== WORK ORDER ==
What do the lines from the one containing "A321-200 Air Transat C-GEZX" through the end of the listing below say? Restate them word for word and give nothing else.

== LISTED ENTRIES ==
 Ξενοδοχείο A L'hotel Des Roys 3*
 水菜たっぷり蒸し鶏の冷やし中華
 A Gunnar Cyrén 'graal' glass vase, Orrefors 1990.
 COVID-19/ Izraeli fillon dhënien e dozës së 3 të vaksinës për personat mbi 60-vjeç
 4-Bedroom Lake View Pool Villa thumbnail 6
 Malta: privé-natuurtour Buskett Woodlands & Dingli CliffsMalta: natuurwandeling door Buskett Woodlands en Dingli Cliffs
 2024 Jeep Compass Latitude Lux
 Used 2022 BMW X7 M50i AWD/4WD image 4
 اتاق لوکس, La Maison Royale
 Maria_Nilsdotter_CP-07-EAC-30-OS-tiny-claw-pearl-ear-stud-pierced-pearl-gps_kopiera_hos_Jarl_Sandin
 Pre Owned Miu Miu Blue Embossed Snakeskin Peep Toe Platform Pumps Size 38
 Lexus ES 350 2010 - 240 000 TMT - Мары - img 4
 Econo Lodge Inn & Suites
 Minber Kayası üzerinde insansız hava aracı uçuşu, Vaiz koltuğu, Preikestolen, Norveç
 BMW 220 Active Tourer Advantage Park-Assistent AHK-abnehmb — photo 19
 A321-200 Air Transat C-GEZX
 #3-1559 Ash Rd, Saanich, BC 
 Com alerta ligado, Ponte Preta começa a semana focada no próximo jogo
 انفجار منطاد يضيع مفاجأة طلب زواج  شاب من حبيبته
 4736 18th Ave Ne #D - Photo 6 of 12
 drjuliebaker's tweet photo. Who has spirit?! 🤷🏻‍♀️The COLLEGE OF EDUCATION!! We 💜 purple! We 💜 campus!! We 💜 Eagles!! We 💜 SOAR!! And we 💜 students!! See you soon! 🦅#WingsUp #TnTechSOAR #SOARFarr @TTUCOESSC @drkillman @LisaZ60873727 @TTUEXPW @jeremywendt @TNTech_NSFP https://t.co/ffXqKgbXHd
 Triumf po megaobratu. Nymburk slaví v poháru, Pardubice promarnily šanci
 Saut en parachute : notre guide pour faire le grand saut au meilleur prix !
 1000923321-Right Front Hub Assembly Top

== SOLUTION TO THE EXERCISE ==
 A321-200 Air Transat C-GEZX
 #3-1559 Ash Rd, Saanich, BC 
 Com alerta ligado, Ponte Preta começa a semana focada no próximo jogo
 انفجار منطاد يضيع مفاجأة طلب زواج  شاب من حبيبته
 4736 18th Ave Ne #D - Photo 6 of 12
 drjuliebaker's tweet photo. Who has spirit?! 🤷🏻‍♀️The COLLEGE OF EDUCATION!! We 💜 purple! We 💜 campus!! We 💜 Eagles!! We 💜 SOAR!! And we 💜 students!! See you soon! 🦅#WingsUp #TnTechSOAR #SOARFarr @TTUCOESSC @drkillman @LisaZ60873727 @TTUEXPW @jeremywendt @TNTech_NSFP https://t.co/ffXqKgbXHd
 Triumf po megaobratu. Nymburk slaví v poháru, Pardubice promarnily šanci
 Saut en parachute : notre guide pour faire le grand saut au meilleur prix !
 1000923321-Right Front Hub Assembly Top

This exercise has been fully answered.